Task directions: I'd like an exact copy of only the lines from the start of the listing below through the line that holds "Breitling Stainless Steel". Please keep the pictures out.

◇ ◇ ◇ ◇ ◇

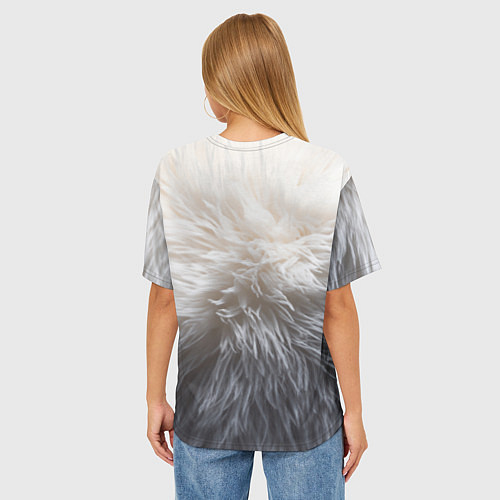 Женская футболка оверсайз Брутальный бегемот / 3D-принт – фото 4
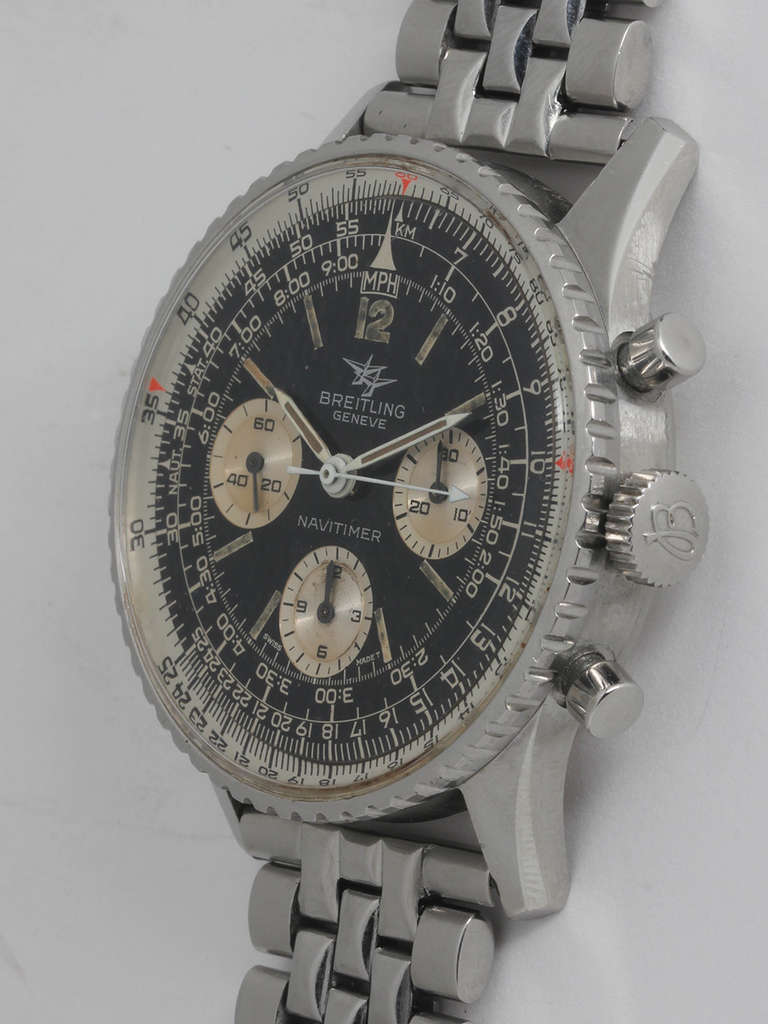 Breitling Stainless Steel Navitimer Chronograph Wristwatch Ref 806 circa 1960s In Excellent Condition In West Hollywood, CA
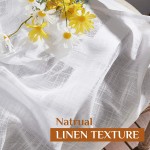 NICETOWN Sheer Linen Curtains Natural Style Rod Pockets Privacy Semi Sheer Window Panels Curtain Wrinkle Free Drapes Soft and Elegant for Bedroom Living Room W66 x L63 2 Panels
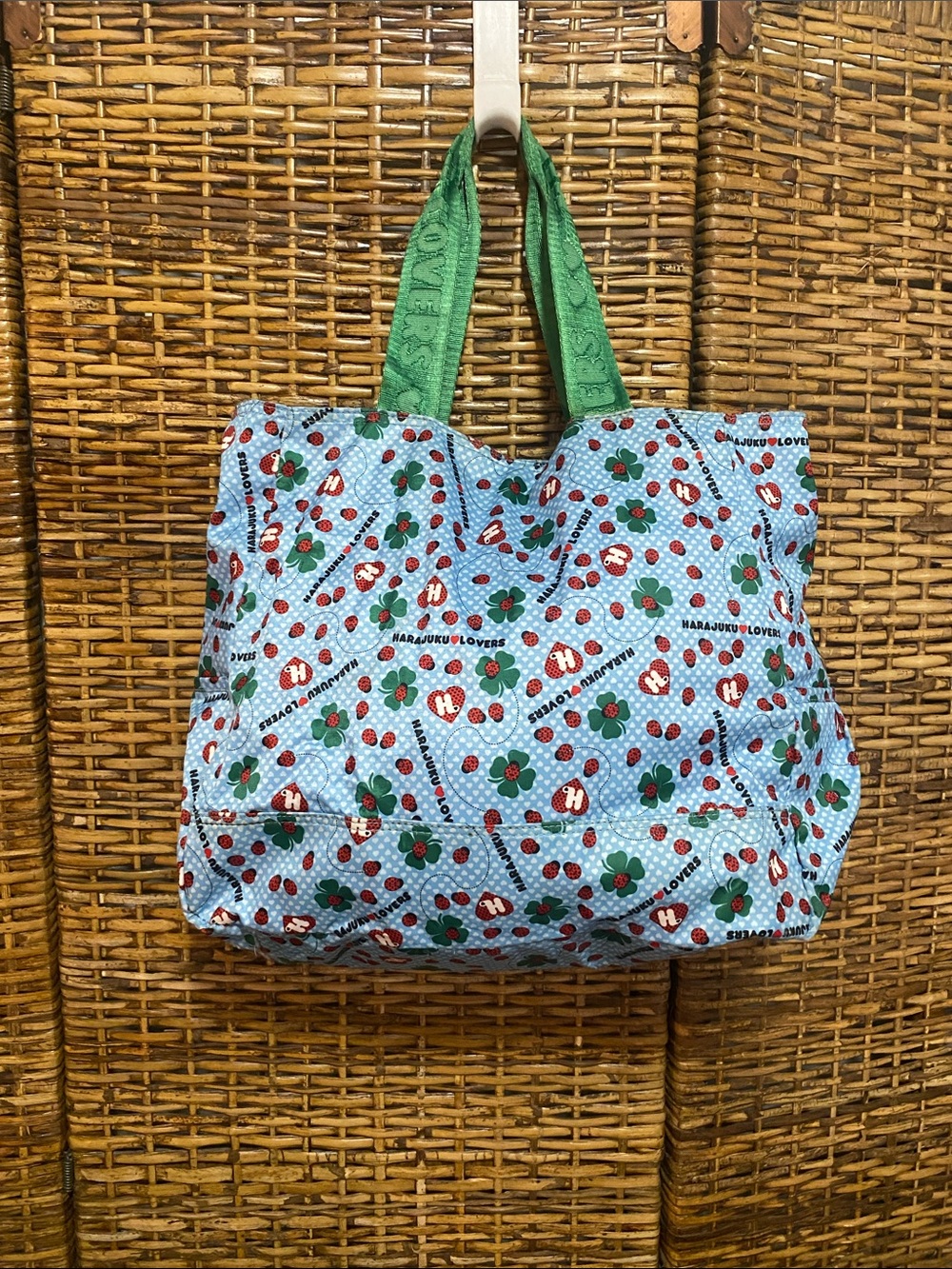 NWOT Harajuku Lovers Four leaf clover ladybug red green blue Tote Bag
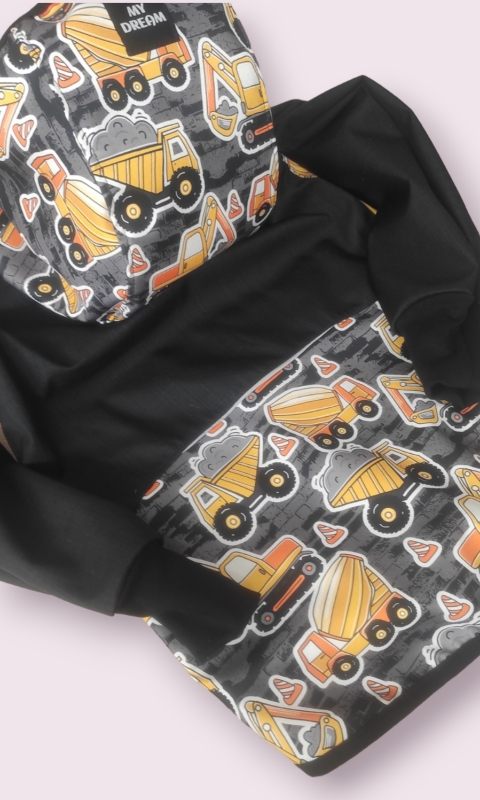 BUNDA Stavební stroje/ hořčice/černá( - více možných barev)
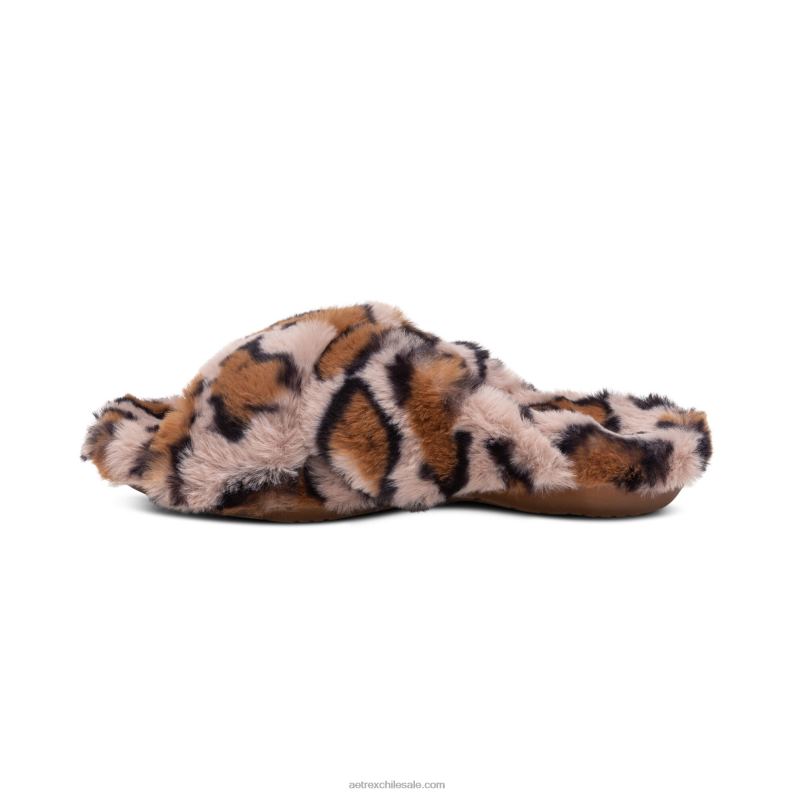 mujer leopardo Aetrex pantuflas penélope ajustables de pelo sintético 2TB4B212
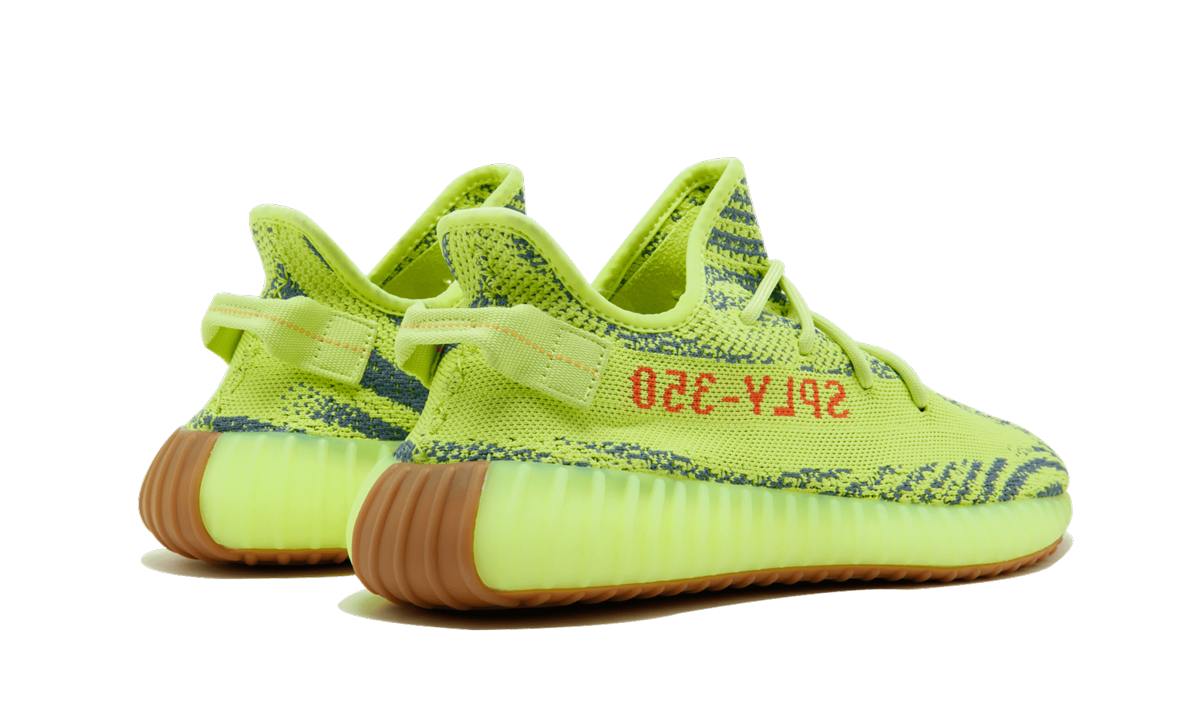 adidas yeezy boost 350 v2 semi frozen yellow+B37572+diagnol right behind view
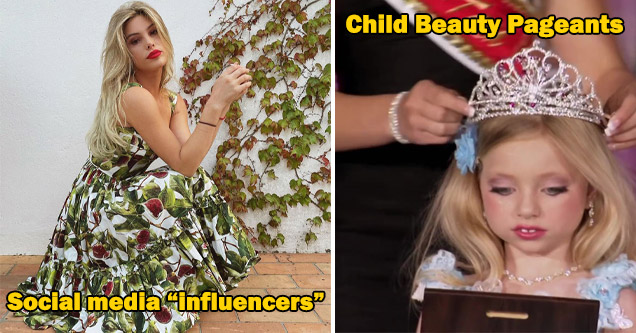 a social media influencer and a young girl in a child beauty pageant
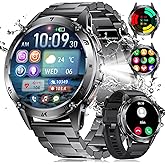 SUNKTA Military Smart Watches for Men,530mAh Large Battery,1.43" AMOLED Heart Rate/Sleep Monitor 5ATM Waterproof Smartwatch for Android iOS (Answer/Make Calls),Fitness Tracker with LED Flashlight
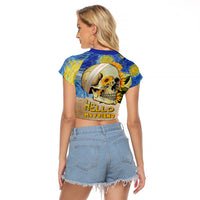Van Gogh Style Skull Raglan Cropped T Shirt Hello My Friend - Wonder Print Shop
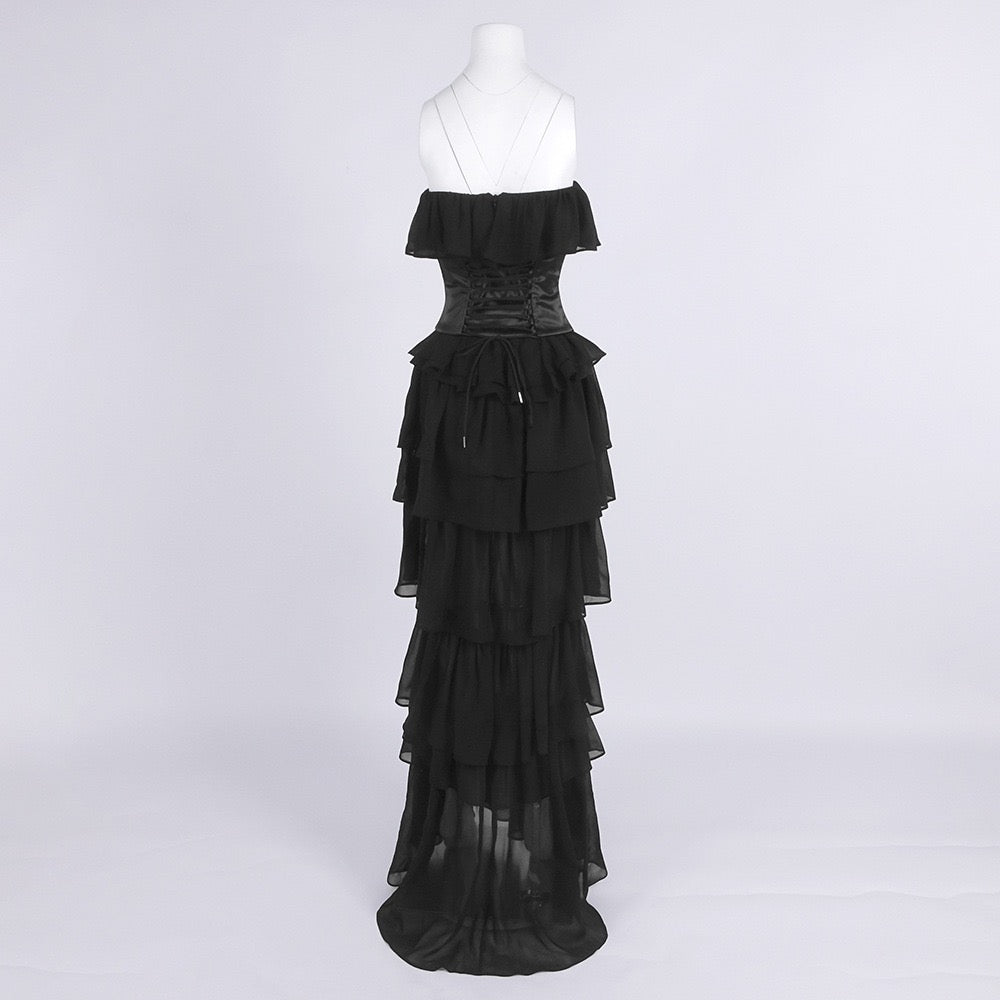 LINOR strapless ruffle mesh-design maxi dress with a corset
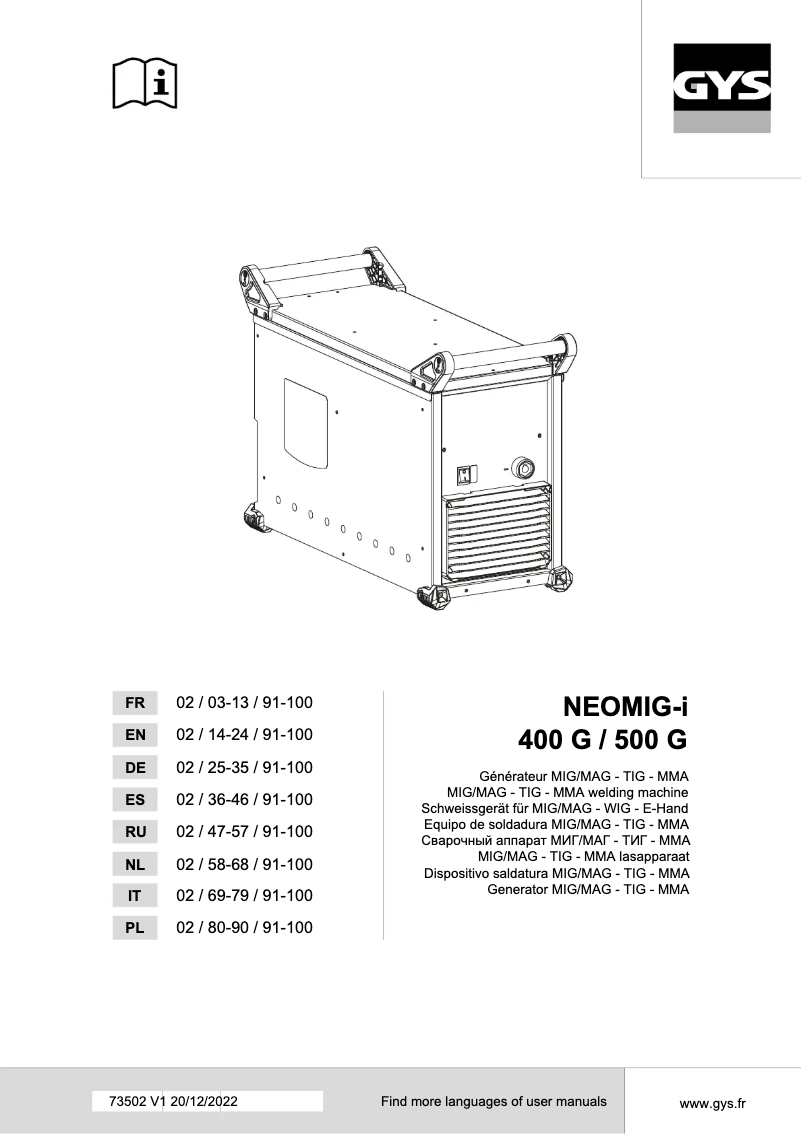 Imagen de la primera página del manual del dispositivo Neomig-i 500 G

◇ ◇ ◇ ◇ ◇

Exercise solution:
 Женская футболка оверсайз Брутальный бегемот / 3D-принт – фото 4
 Breitling Stainless Steel Navitimer Chronograph Wristwatch Ref 806 circa 1960s In Excellent Condition In West Hollywood, CA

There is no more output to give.